By Catherine Lewis
What if we could predict who was at high risk for suicide, long before they were actually in physical danger?
If it sounds like the premise of a sci-fi novel, you’re not far off – but then again, neither is the technology.
In fact, one mental health researcher has already built an algorithm using artificial intelligence that can identify Twitter users at high risk of suicide – the only big question that remains now, he says, is how to best use this technology to help save lives?
“This tool takes tweets, and it turns what people say into a number. It asks, ‘How lonely is this tweet? What’s the hopelessness score? What’s the risk score?” says Dr. Zachary Kaminsky, DIFD Mach-Gaensslen Chair in Suicide Prevention Research at The Royal’s Institute of Mental Health Research, affiliated with the University of Ottawa.
According to Dr. Kaminsky, the tool can comb through years’ worth of tweets in minutes to pinpoint individuals at risk weeks – even months – before they tweet anything that would raise a red flag to a human reader. In fact, he says, the person writing the tweets might not even be aware that their pattern of speech may indicate risk.
That is because the algorithm doesn’t just use word recognition, and it doesn’t just recognize suicidal ideas – it identifies the actual psychological concepts related to suicide, and scores and matches them alongside all available public data linked to a Twitter user.
“This isn’t identifying people saying ‘I’m going to kill myself.’ It’s identifying a risk pattern for people who are moving towards that point,” says Dr. Kaminsky.
During a pilot study, Dr. Kaminsky’s algorithm was able to identify suicide risk with an 89 per cent accuracy rate.
This high rate of accuracy is especially fascinating, he says, because we can’t fully understand how the algorithm is actually predicting risk.
That is because it’s all done through machine learning – part of artificial intelligence – so while we know what information is fed through the algorithm, and what risk score comes out, we don’t actually know what patterns exist within the provided information that are necessary for the machine to get the right answer.
“Someone who’s lost someone to suicide shouldn’t think, ‘If only I’d just gone in and read their Twitter I would have seen their risk.’ That is not how this works,” says Kaminsky. “We’ve trained a computer to see things humans can’t see.”
Now with the evidence to show that this predictive tool actually works, Dr. Kaminsky’s next steps are crucial.
He sees the potential of the algorithm as a decision-making aid – something that can provide more information or context that could lead to the possibility of early intervention and suicide prevention; particularly amongst Canadians between the ages of 15 and 34, for whom suicide is the second leading cause of death.
Because people in this age group are heavy social media users, and Twitter data is completely public, Dr.

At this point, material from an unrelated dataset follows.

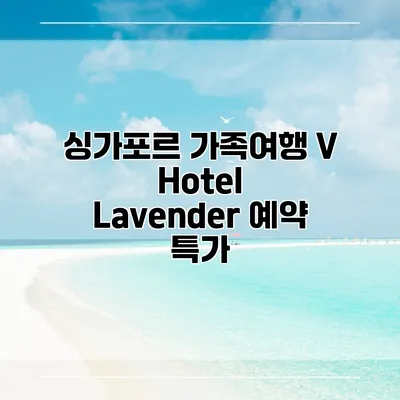 싱가포르 가족여행 V Hotel Lavender 예약 특가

Kaminsky says it was the obvious social media platform to focus on when building his algorithm.
The question is, who would be getting this information – and how? Would it be the users themselves? Health care providers? Parents concerned about their children?

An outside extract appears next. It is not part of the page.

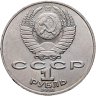 Купить 1 рубль 1990 "130 лет со дня рождения А.П. Чехова"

More nefariously, what if it’s a bully? An employer seeking to vet hires? An insurance company seeking to deny coverage?
At a World Suicide Prevention Day event at The Royal on Sept. 10, Dr. Kaminsky presented his work for the first time to an auditorium full of people involved in suicide prevention in Ottawa to try to get answers to some of these questions.
“We have this tool – I want to hear what you think we can do with it,” Kaminsky said. “I want to create something that people can actually use on the frontlines of suicide prevention. The question is, in whose hands should something like this go, and how should they use it?”
Initial discussions with the community produced a few ideas. A therapist could use this tool to get a more comprehensive picture of how their patient is doing. It could be used to triage limited resources to those at highest risk. It could be leveraged by social media platforms to push regional suicide prevention information directly to the user.
In any case, Dr. Kaminsky believes the eventual tool in any form would be best limited to gatekeepers – people highly experienced in handling private information.
As development moves forward, Dr. Kaminsky will be working closely with the community and those who could effectively use this tool on the ground to ensure that it leads to prevention; not harm.
“If these tools work as well as we think they’re working, they’re going to help save lives,” he says.
The tool needs larger studies and validation in the future, and a determination of the best way to use it, but so far, Dr. Kaminsky says it looks very promising. It’s also something that could be scaled to other social media platforms, and expanded to include the use of image recognition.
Catherine Lewis is a communications advisor at The Royal.